La Caja popularizó en la localidad un modo de hacer banca con una fórmula elemental como era fomentar y recoger el ahorro de los paisanos que se anotaba en las populares libretas -desde entonces cada niño nace con su libreta de la caja- y se lo devolvía en forma de pequeños préstamos para comprar una vaca, para hacer frente a necesidades imperiosas o para realizar pequeñas inversiones. Además, la caja impulsaba actividades culturales y recreativas e hizo posible que varios rapaces del pueblo pudieran ir a la universidad con sus becas y con su crédito-estudio.
Aquella oficina minúscula acabó con la usura del terrateniente y salvó de la exclusión financiera a los labradores, a los comerciantes y profesionales autónomos que ni se atrevían a pisar la moqueta y los mármoles de los bancos instalados en la ciudad, ocupados en otras operaciones, y no tenían tiempo para “perder” con gentes del rural que les reportaban escasa rentabilidad.
Ahora, los vecinos de aquella aldea ven con asombro como su caja -y otras- desaparece por la vía de su transformación en un banco a causa de los graves errores en la gestión que no quisieron cortar los órganos de gobierno y los supervisores. Y piensan que con este cambio de nombre y de filosofía volverá a aparecer el terrateniente prestamista, ahora con nombre de marca bancaria, que sin aquella vinculación al territorio y sin competencia, pondrá condiciones más duras para todas las operaciones financieras.

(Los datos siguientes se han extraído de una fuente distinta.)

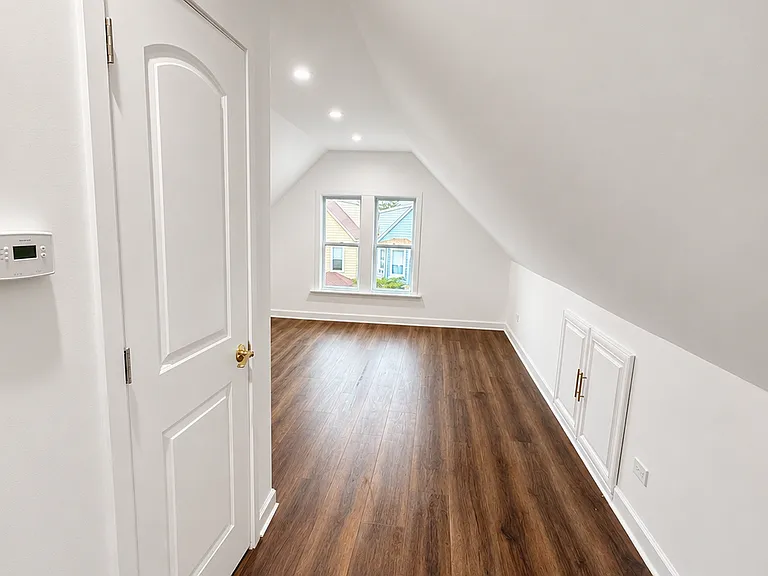2940 N Allen Ave — Photo 6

Por eso, los lugareños -labradores modestos, autónomos y los escolares- tañen las campanas del pueblo que doblan por la pérdida de su caja, el referente financiero que sacó a la aldea de la exclusión financiera, la sirvió lealmente, contribuyó a su desarrollo y progreso y era la última trinchera de protección que les quedaba frente al oligopolio de la banca. Seguramente la historia juzgará con rigor a los culpables de esta desfeita, pero ellos lloraran la pérdida de su caja, un vecino muy querido que echarán mucho de menos.